We’re all connected. It’s either as a species, as part of a communal society, or as individuals living within universal maxims of love, fear, happiness, and struggle. Over time, over place, we still maintain a link, locked in to our shared humanity, no matter the situations or circumstances. Though it has much more to say about this subject than a few introductory sentences can proffer, this is the main theme of the brilliant and bold cinematic statement from Lana and Andy Wachowski (The Matrix) and collaborator Tom Tykwer (Run Lola Run), Cloud Atlas. Unfairly dismissed when it was released, this artistic revelation reminds us that, though years and backdrops may divide us, a commonality of purpose and perseverance endures.

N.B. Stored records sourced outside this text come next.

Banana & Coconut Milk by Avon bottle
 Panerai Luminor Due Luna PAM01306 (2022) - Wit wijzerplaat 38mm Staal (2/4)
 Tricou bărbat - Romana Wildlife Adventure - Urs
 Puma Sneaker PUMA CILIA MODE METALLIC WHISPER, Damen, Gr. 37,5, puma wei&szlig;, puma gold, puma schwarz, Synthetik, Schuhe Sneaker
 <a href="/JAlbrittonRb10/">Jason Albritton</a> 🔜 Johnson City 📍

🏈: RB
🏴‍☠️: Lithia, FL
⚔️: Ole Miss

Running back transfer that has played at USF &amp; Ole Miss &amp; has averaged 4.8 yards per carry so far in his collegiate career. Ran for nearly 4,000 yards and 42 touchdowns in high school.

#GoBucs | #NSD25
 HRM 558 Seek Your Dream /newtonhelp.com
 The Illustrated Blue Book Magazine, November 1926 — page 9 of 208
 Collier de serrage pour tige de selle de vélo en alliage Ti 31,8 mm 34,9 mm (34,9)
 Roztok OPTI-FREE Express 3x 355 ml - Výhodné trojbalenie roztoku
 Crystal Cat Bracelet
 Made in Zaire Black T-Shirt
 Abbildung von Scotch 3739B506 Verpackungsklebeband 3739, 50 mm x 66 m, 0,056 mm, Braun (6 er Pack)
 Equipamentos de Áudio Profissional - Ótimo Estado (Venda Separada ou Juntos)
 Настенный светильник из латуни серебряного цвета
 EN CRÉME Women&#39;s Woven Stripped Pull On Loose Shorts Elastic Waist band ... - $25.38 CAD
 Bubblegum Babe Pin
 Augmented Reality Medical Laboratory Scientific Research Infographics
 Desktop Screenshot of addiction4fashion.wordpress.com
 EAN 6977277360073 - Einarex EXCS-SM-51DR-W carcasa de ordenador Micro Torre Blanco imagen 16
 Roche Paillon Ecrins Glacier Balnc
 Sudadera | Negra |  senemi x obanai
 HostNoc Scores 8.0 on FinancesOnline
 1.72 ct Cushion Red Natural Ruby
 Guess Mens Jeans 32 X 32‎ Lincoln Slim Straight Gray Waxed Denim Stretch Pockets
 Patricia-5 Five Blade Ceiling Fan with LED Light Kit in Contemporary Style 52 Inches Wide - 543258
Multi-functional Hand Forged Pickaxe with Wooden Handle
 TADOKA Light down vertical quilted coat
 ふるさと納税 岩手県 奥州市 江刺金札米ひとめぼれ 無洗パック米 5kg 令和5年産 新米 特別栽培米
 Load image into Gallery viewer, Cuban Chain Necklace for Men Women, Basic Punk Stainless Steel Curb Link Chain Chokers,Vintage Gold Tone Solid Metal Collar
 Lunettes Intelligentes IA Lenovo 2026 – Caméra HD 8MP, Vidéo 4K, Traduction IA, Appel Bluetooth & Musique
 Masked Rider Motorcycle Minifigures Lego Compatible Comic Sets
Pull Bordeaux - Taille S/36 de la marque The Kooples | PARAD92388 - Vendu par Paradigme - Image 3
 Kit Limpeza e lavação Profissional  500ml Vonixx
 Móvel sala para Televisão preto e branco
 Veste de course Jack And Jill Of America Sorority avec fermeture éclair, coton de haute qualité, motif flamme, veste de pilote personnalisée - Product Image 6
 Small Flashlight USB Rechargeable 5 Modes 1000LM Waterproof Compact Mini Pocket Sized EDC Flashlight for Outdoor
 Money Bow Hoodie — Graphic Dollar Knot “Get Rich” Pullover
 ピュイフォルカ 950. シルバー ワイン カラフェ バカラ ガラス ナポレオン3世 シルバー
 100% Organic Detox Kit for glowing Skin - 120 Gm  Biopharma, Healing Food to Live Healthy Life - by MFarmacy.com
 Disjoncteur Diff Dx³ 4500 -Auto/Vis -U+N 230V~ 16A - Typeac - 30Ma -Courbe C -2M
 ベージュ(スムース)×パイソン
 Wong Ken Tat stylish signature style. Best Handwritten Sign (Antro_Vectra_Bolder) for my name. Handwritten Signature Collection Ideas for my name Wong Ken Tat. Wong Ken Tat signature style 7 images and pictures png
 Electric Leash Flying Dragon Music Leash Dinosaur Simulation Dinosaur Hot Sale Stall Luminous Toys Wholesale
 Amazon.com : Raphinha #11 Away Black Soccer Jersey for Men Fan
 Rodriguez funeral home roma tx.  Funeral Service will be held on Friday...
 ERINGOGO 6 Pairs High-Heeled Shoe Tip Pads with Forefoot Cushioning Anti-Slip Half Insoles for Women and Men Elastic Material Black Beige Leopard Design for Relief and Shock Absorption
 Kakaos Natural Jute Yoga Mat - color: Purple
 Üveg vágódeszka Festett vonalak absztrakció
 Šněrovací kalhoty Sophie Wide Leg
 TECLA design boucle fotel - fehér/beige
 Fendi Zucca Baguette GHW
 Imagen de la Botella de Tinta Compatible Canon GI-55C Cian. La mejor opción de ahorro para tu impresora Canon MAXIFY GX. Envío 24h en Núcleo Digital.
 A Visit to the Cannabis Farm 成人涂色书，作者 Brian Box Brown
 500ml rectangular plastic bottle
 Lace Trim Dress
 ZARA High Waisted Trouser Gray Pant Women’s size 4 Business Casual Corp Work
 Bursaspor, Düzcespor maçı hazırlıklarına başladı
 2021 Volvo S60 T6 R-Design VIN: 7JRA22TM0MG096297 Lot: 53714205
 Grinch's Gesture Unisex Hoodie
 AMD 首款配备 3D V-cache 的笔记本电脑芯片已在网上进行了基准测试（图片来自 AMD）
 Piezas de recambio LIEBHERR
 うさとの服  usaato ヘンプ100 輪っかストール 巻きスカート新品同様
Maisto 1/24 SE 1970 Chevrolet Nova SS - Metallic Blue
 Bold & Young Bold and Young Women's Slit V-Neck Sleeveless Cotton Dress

Interweaving six stories across eons and realities, we start with an old man (Tom Hanks) telling a story by a fireside. In 1850, a lawyer (Jim Sturgess) sails the Pacific and befriends a slave (David Gyasi) preyed upon by an unethical doctor (Hanks again). Then we move to England in 1931 and a composer (Ben Whishaw) trying to balance his love of a young physicist (James D’Arcy) and the demands of working as the assistant of an aging maestro (Jim Broadbent). In the ’70s, a journalist named Luisa Rey (Halle Berry) uses the musician’s story as inspiration in her attempt to uncover the truth about a possible problem at a nuclear reactor run by a shady businessman (Hugh Grant). Her friendship with a mystery-loving teen (Brody Nicolas Lee) leads to the story of a publisher (Broadbent) who, after angering a gangster client, ends up in a nursing home against his will.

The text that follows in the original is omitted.